Assignment —
The line containing "30歳〜40歳 若者の短い HT-019" and every line after it, through the last line of the records, are to be transcribed exactly, and nothing else.

++++ Given records

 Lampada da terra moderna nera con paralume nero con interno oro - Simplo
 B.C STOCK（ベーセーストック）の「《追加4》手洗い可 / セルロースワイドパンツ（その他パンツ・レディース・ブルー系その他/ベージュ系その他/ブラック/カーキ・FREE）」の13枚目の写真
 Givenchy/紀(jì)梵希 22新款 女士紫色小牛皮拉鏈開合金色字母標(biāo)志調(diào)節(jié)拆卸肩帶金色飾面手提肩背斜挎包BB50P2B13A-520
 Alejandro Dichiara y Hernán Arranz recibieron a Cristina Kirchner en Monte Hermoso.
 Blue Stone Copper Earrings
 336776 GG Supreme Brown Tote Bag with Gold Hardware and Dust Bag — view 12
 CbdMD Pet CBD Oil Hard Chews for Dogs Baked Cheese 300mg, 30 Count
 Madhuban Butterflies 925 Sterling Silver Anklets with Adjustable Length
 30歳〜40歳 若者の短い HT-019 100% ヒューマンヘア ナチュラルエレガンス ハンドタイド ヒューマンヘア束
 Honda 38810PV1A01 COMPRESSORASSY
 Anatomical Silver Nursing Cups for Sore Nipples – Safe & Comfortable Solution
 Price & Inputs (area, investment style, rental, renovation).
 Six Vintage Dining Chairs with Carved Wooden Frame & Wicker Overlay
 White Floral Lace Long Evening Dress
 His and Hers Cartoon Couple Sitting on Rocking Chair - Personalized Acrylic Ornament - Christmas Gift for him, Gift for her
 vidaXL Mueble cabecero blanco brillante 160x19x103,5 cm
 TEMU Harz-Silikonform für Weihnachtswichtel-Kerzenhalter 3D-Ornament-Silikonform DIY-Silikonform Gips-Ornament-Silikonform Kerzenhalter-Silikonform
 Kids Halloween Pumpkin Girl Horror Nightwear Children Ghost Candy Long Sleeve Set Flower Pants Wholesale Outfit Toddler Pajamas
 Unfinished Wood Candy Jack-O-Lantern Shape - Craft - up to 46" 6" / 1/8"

++++++++

Exercise solution —
 30歳〜40歳 若者の短い HT-019 100% ヒューマンヘア ナチュラルエレガンス ハンドタイド ヒューマンヘア束
 Honda 38810PV1A01 COMPRESSORASSY
 Anatomical Silver Nursing Cups for Sore Nipples – Safe & Comfortable Solution
 Price & Inputs (area, investment style, rental, renovation).
 Six Vintage Dining Chairs with Carved Wooden Frame & Wicker Overlay
 White Floral Lace Long Evening Dress
 His and Hers Cartoon Couple Sitting on Rocking Chair - Personalized Acrylic Ornament - Christmas Gift for him, Gift for her
 vidaXL Mueble cabecero blanco brillante 160x19x103,5 cm
 TEMU Harz-Silikonform für Weihnachtswichtel-Kerzenhalter 3D-Ornament-Silikonform DIY-Silikonform Gips-Ornament-Silikonform Kerzenhalter-Silikonform
 Kids Halloween Pumpkin Girl Horror Nightwear Children Ghost Candy Long Sleeve Set Flower Pants Wholesale Outfit Toddler Pajamas
 Unfinished Wood Candy Jack-O-Lantern Shape - Craft - up to 46" 6" / 1/8"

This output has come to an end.